[[ INPUT FOR THIS TASK, beginning ]]

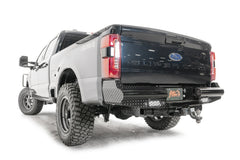 Fab Fours Black Steel Rear Bumper FS23-T5950-1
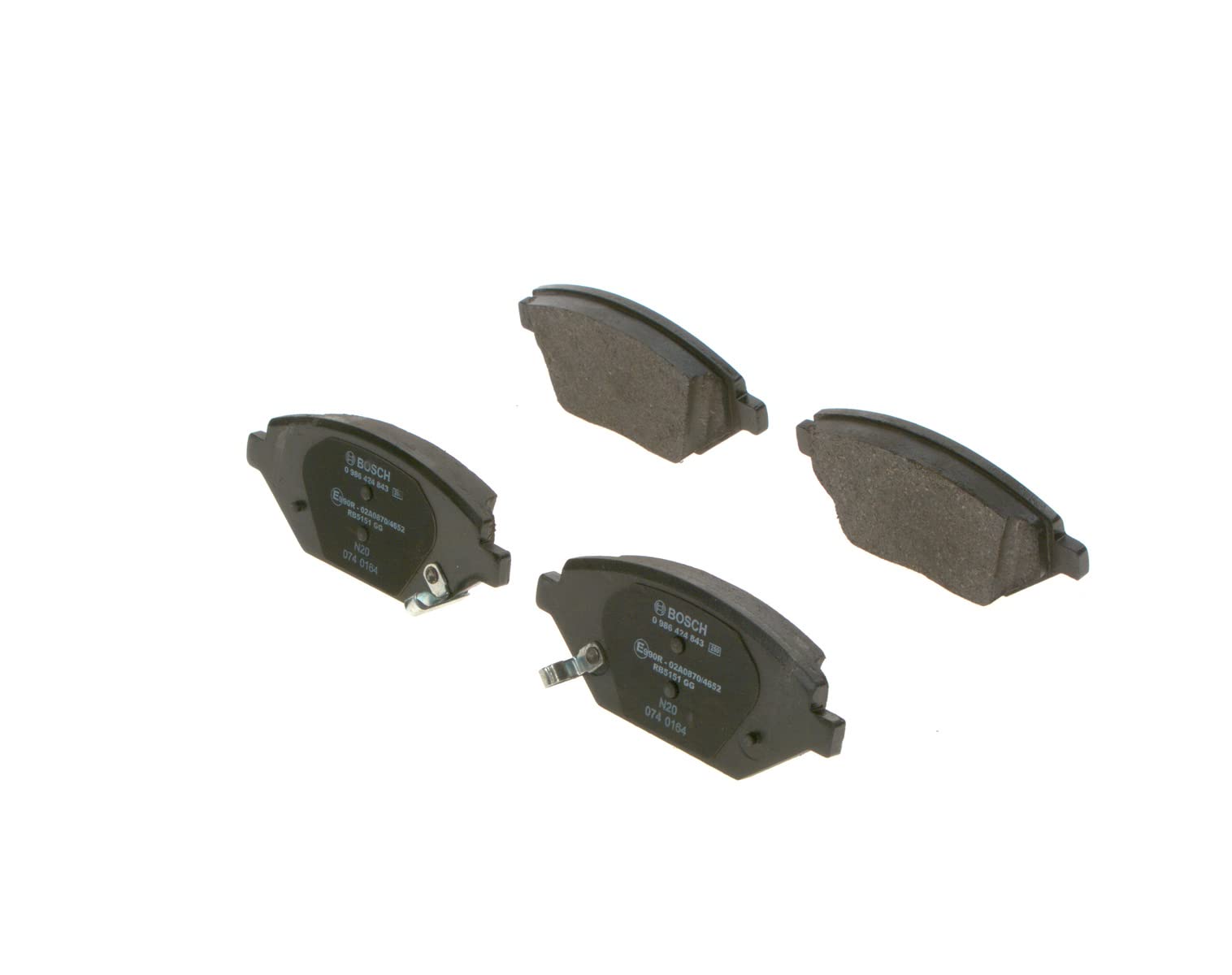 Bosch BP2466 Bremsbeläge - Vorderachse - ECE-R90 Zertifizierung - vier Bremsbeläge pro Set Bosch BP2466 Bremsbeläge - Vorderachse - ECE-R90 Zertifizierung - vier Bremsbeläge pro Set von Bosch Automotive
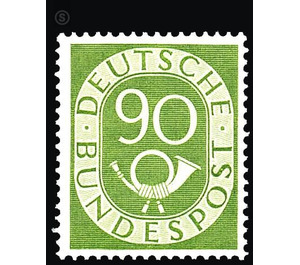 Permanent series: Posthorn  - Germany / Federal Republic of Germany 1952 - 90 Pfennig
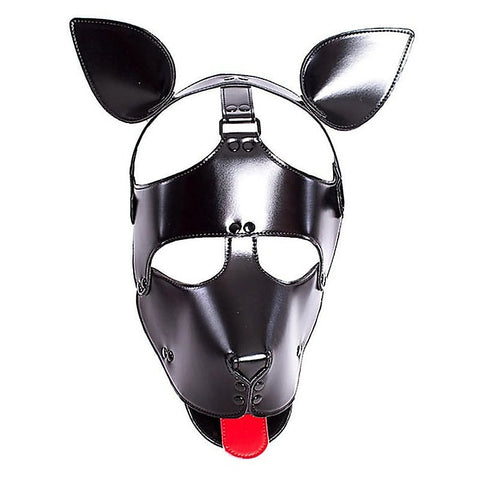 Vegan Leather Padded Bdsm Play Dog Mask By Bdstyle - Bondage Hoods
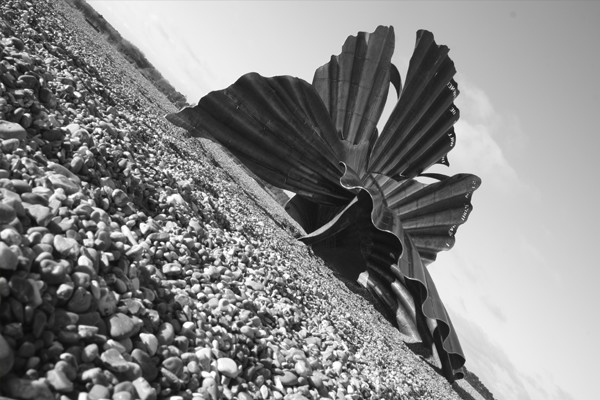 Scallop by Maggi Hambling, Aldeburgh Beach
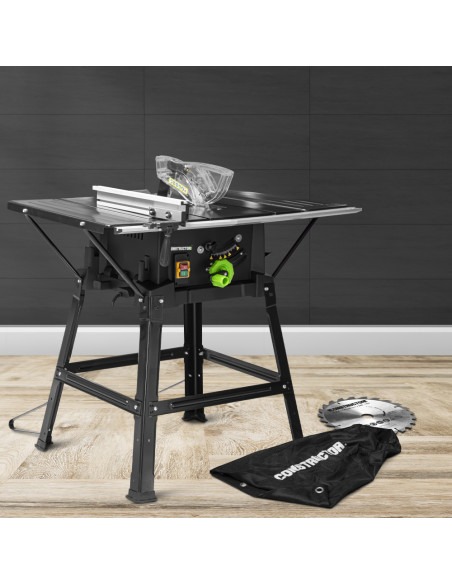 Table scie circulaire 2000W - 254mm - Livrée avec 2 lames (24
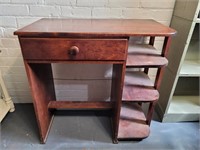 Small desk with shelves and drawer. 30x30½x16.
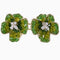 Punch-Free Collection Belt Buckle Women's Jeans Tension Adjustment Universal Buckle Fragrant Green Flowers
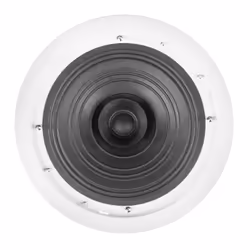 Power Dynamics CSF6 haut-parleur Plage complète Noir, Blanc Avec fil 10 W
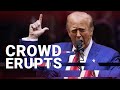 Trump given rockstar reception at Madison Square Garden as thousands pack streets for MAGA rally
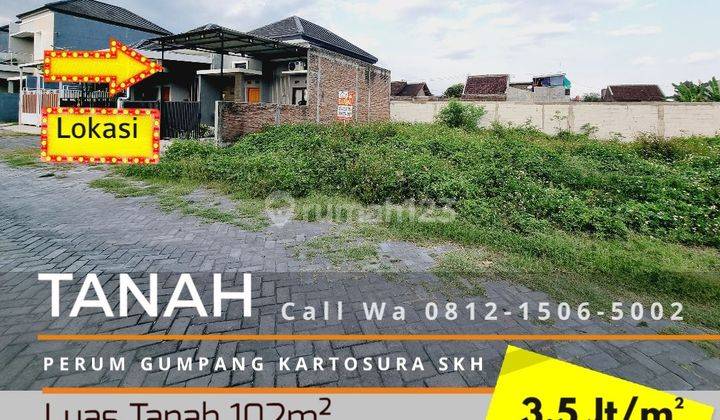 Tanah Ideal 102m² SHM & IMB Ready Akses Lebar 1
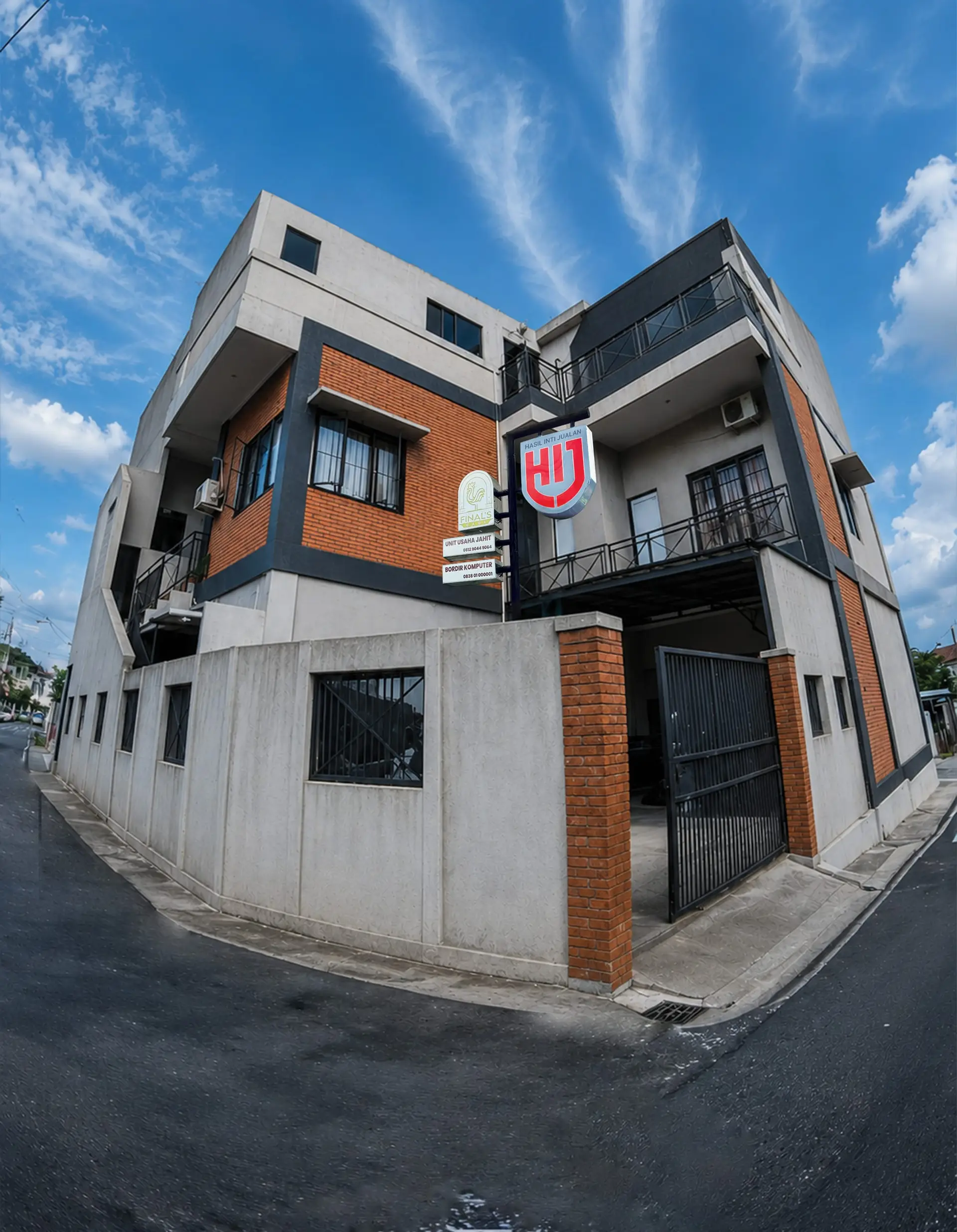 Gedung workshop PT Hasil Inti Jualan di Harjamukti, Depok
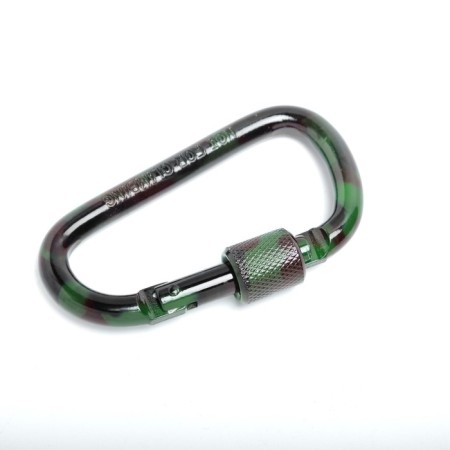 Carabiner with a coupling, camouflage-1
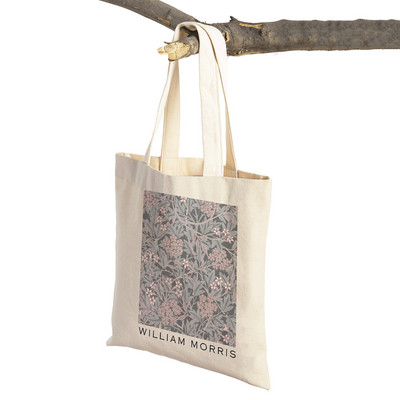 William Morriso Ženske torbe za kupnju Dupli print Ležerna vintage cvjetna Boh torba Ženska platnena torba Putna torba za višekratnu upotrebu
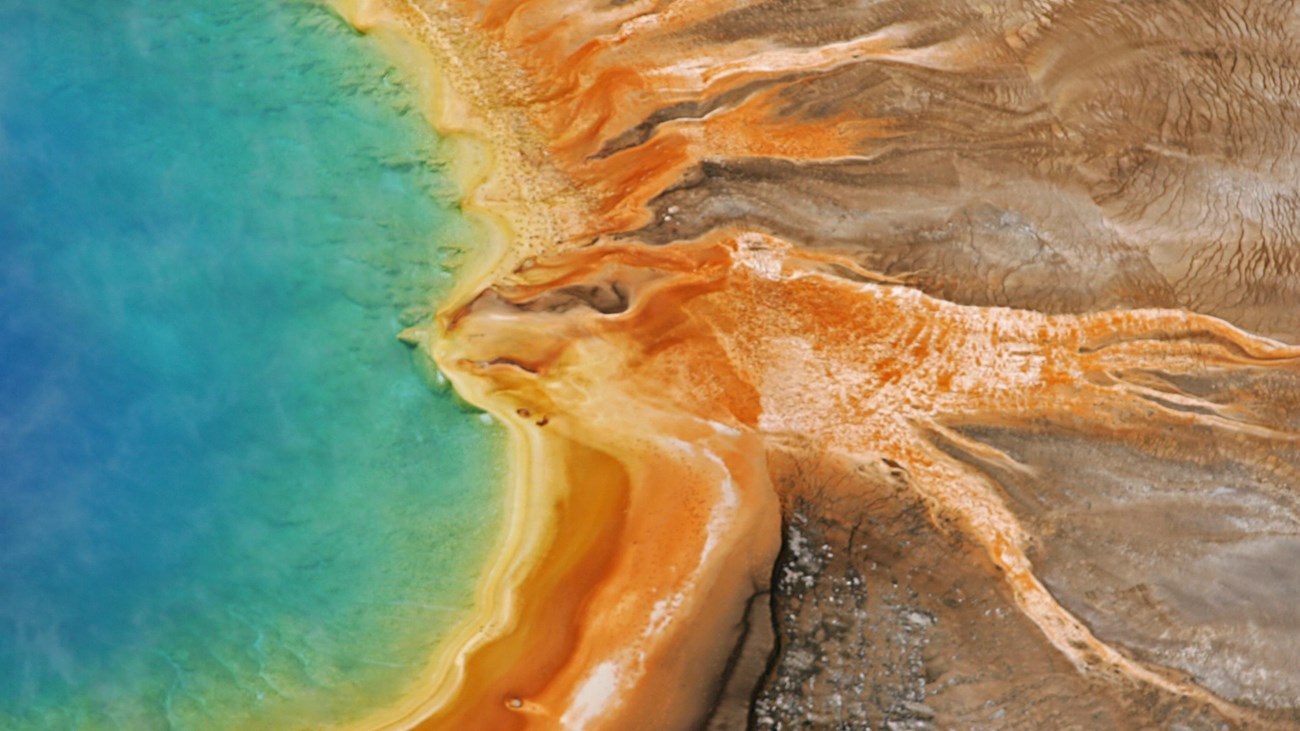 Prismatic colors in a hot spring.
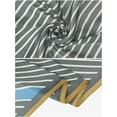 thumbnail image 4 of INSPIRE CHIC Women Striped Satin Scarf Shawl 35x35" Large Square Silk Feeling Neck Scarves Head Wraps Blue 90x90cm/35.4x35.4", 4 of 6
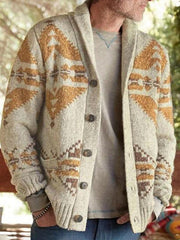 Men's Christmas jacquard sweater button cardigan sweater - 808Lush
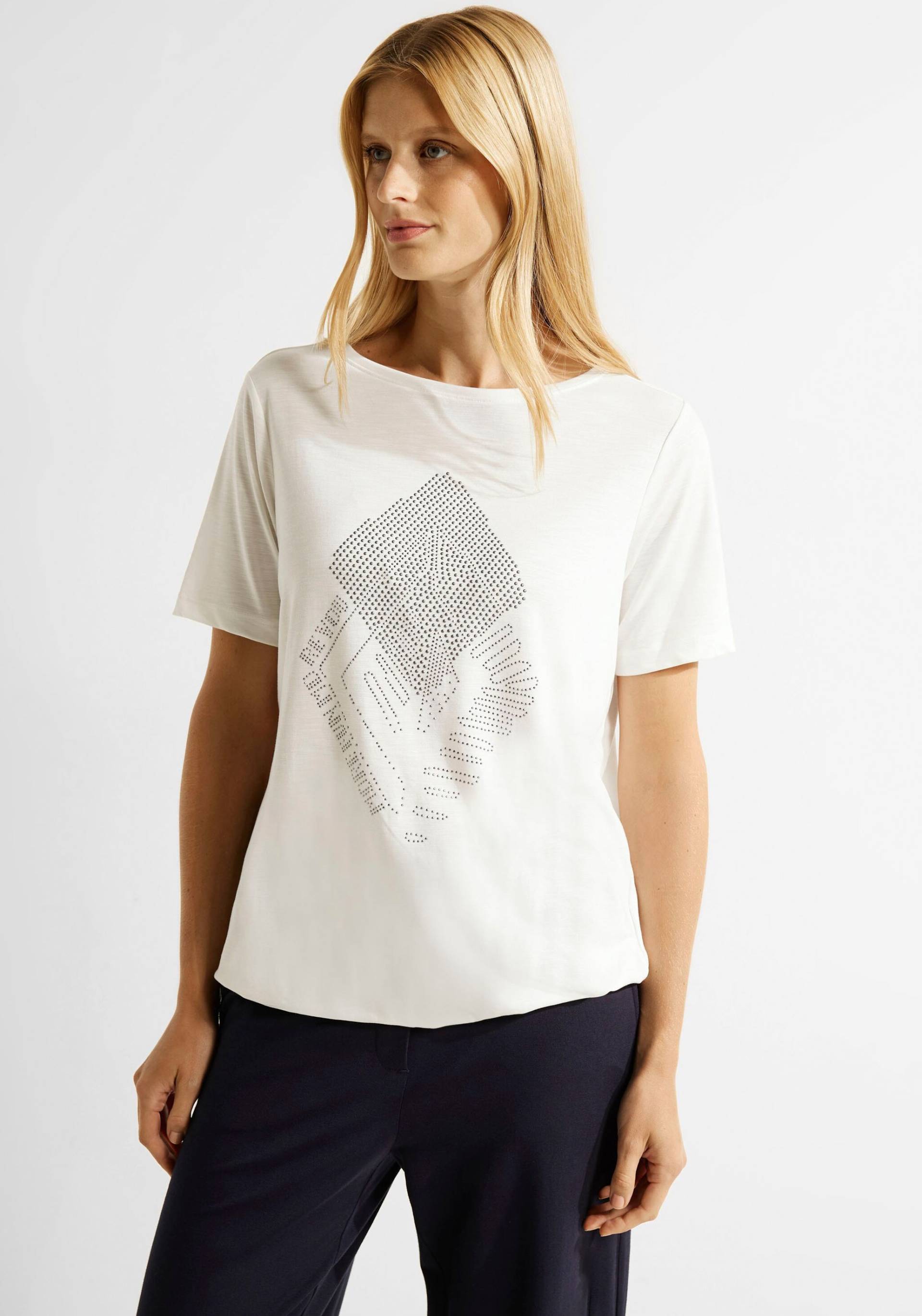 Cecil T-Shirt, mit Steinchendetails von cecil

[[ INPUT FOR THIS TASK, end ]]

• PROBLEM REQUIREMENTS
Quote every record above exactly, omitting any pictures they contain.

• YOUR SOLUTION
 Fab Fours Black Steel Rear Bumper FS23-T5950-1
 Bosch BP2466 Bremsbeläge - Vorderachse - ECE-R90 Zertifizierung - vier Bremsbeläge pro Set Bosch BP2466 Bremsbeläge - Vorderachse - ECE-R90 Zertifizierung - vier Bremsbeläge pro Set von Bosch Automotive
 Permanent series: Posthorn  - Germany / Federal Republic of Germany 1952 - 90 Pfennig
 Vegan Leather Padded Bdsm Play Dog Mask By Bdstyle - Bondage Hoods
 Scallop by Maggi Hambling, Aldeburgh Beach
 Table scie circulaire 2000W - 254mm - Livrée avec 2 lames (24
 Small desk with shelves and drawer. 30x30½x16.
 Punch-Free Collection Belt Buckle Women's Jeans Tension Adjustment Universal Buckle Fragrant Green Flowers
 Power Dynamics CSF6 haut-parleur Plage complète Noir, Blanc Avec fil 10 W
 Trump given rockstar reception at Madison Square Garden as thousands pack streets for MAGA rally
 Tanah Ideal 102m² SHM & IMB Ready Akses Lebar 1
 Gedung workshop PT Hasil Inti Jualan di Harjamukti, Depok
 Carabiner with a coupling, camouflage-1
 William Morriso Ženske torbe za kupnju Dupli print Ležerna vintage cvjetna Boh torba Ženska platnena torba Putna torba za višekratnu upotrebu
 Prismatic colors in a hot spring.
 thumbnail image 4 of INSPIRE CHIC Women Striped Satin Scarf Shawl 35x35" Large Square Silk Feeling Neck Scarves Head Wraps Blue 90x90cm/35.4x35.4", 4 of 6
 Men's Christmas jacquard sweater button cardigan sweater - 808Lush
 Cecil T-Shirt, mit Steinchendetails von cecil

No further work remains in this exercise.